Jedes Treppenhaus kann eine neue Herausforderung sein

„Konzertflügel auf die Bühne und wieder herunter zu tragen, ist eigentlich leicht“, sagt Pascale Hertel „da hatten wir schon ganz andere Aufträge. So zum Beispiel bei Dr. T. in Duisburg, als wir einen Flügel, der 2,20 m lang war und 400 Kilo wog zu zweit in den fünften Stock tragen mussten.“ Klaviere und Flügel an die Kunden auszuliefern macht den beiden am meisten Spaß. „Man weiß nie, was einen erwartet, auf was für Kundschaft man trifft und auf welche Herausforderungen wir im nächsten Treppenhaus stoßen“, sagt Stefan Herrmann. Pascale Hertel sieht seine Arbeit eher als sportliche Herausforderung: „Wenn jemand sagt, das schafft ihr nicht alleine, dann wird erst recht an einer Lösung gearbeitet. Es ist wie bei einem Gewichtheber, der immer noch ein Kilo mehr auflegt. Geht nicht gibt’s nicht bei uns. Außerdem ist das Tragen vor allem auch eine Frage der Technik. Und die beherrschen wir!“

Da sitzen diese beiden Muskelpakete nun vor mir und auf die Frage nach dem schwersten Flügel, den sie je zu zweit getragen haben, muss mir die knappe Auskunft „450 Kilo“ reichen. Die beiden reden vom Tragen der schweren Instrumente in einem solchen Ton wie andere davon sprechen, dass sie mal eben zu Feinkost-Albrecht gehen um eine Tüte Staubzucker zu holen.

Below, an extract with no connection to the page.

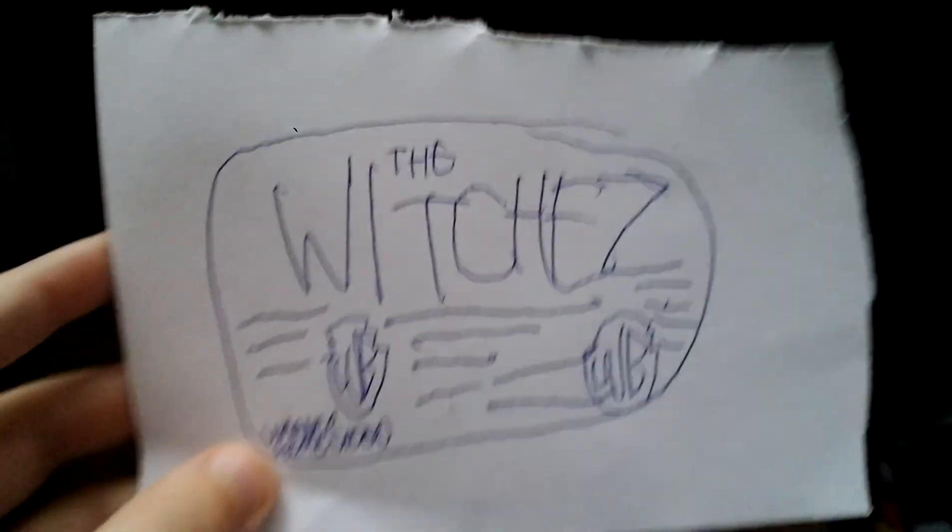Last bit of this for the 1990 VHS of The Witches. Here is the opening to the 1990 VHS of The Witches.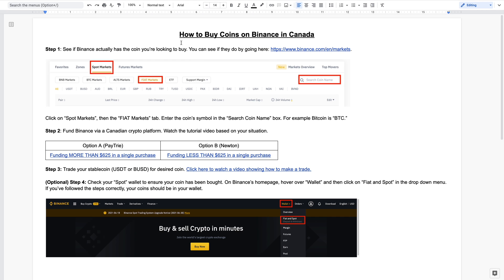Hey there, so in this video I'm going to show you how you can buy coins on Binance in Canada. I've created this document over here where I've put together all of the different steps and the videos involved with buying on Binance all in this single document.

Schon mal bis zu elf „Klangkörper“ täglich

„Wir organisieren alles am liebsten selber. Dann wissen wir wenigstens, dass es mit dem Timing auch klappt.“ („Wir organisieren alles am liebsten selber. Dann wissen wir wenigstens, dass es mit dem Timing auch klappt.“ (Foto: Steffen Andritzke/Die Neue Epoche)

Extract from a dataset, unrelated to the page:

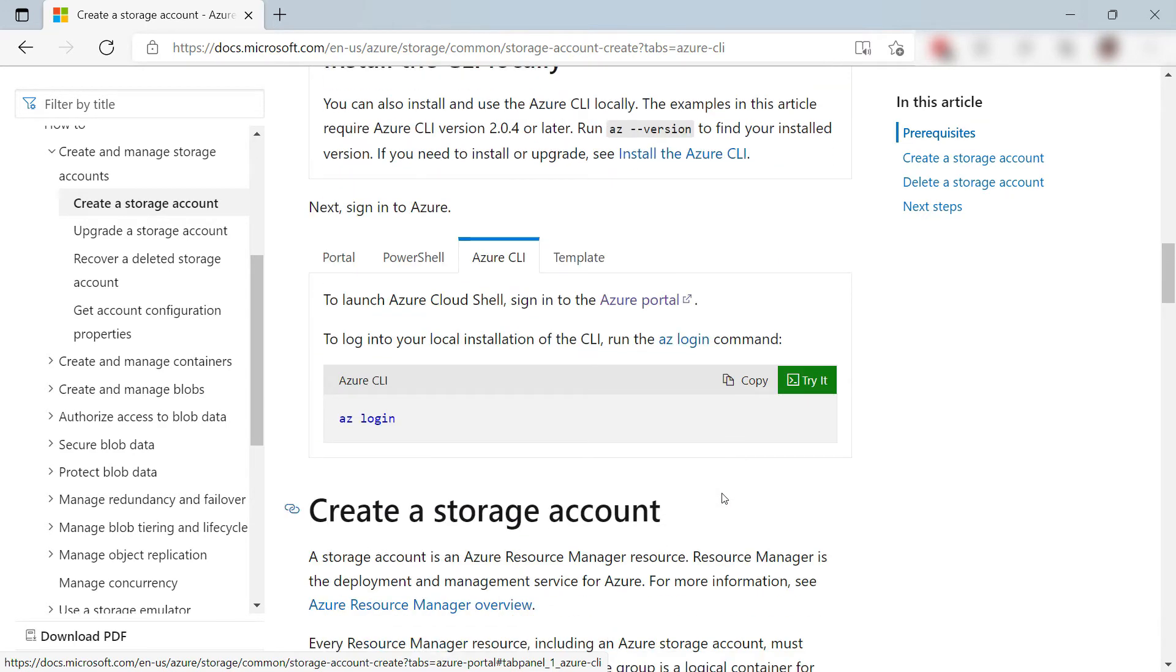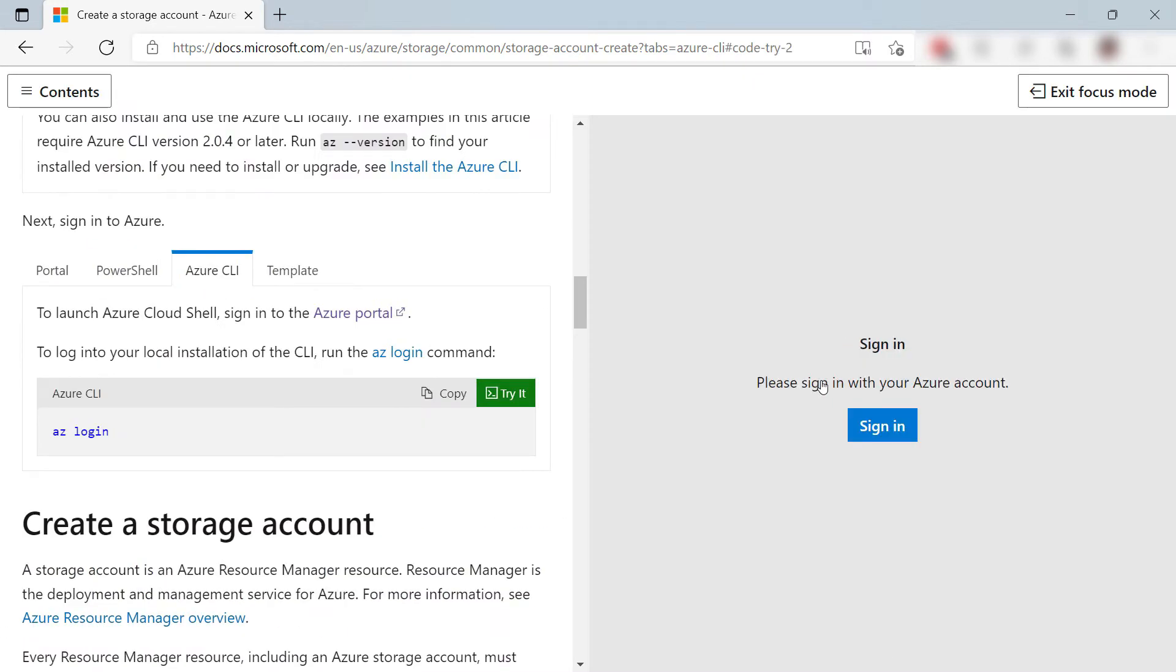Let's take a look. Here is the first command to try out. Instead of using a local Azure CLI, I'll use the Cloud Shell here.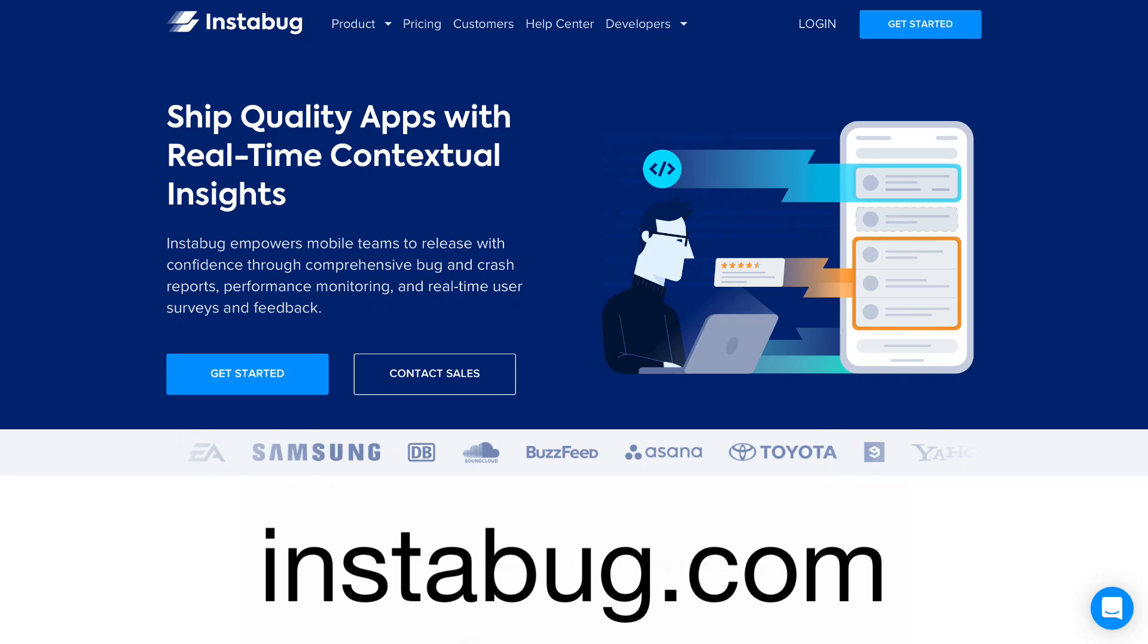Sponsored by Instabug, who have an SDK to help you minimize debugging time by providing you with complete device details, network logs, and reproduction steps with every bug report. Find out more at instabug.com.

Trotzdem kann man den Stolz auf das, was sie schon geleistet haben, förmlich greifen. Bei sechs Klavieren oder Flügeln pro Tag durchschnittlich, kommt in 14 Jahren ganz schön was zusammen. In der Weihnachtszeit können es auch schon mal bis zu elf „Klangkörper“ täglich werden. Aber gerade diese Erfahrungen machen „Herrmann & Hertel“ auch so sicher und kompetent, wenn sie Instrumente transportieren deren Wert so zwischen 3.000 € und 300.000 € liegt. „Wir haben ein sehr gutes Augenmaß und können aufgrund unserer Erfahrung schnell erkennen, was machbar ist und was nicht. Einmal sollten wir ein Klavier bei einem Kunden abholen und stellten fest, dass das Treppenhaus durch Umbauten viel zu klein geworden war, um das Teil da wieder rauszuholen. Da haben wir es einfach an Seilen den Balkon herunter gelassen. Dabei hab ich mir zwar den Finger gebrochen, aber das Klavier ist sanft auf dem Erdboden gelandet“, erzählt Stefan Herrmann.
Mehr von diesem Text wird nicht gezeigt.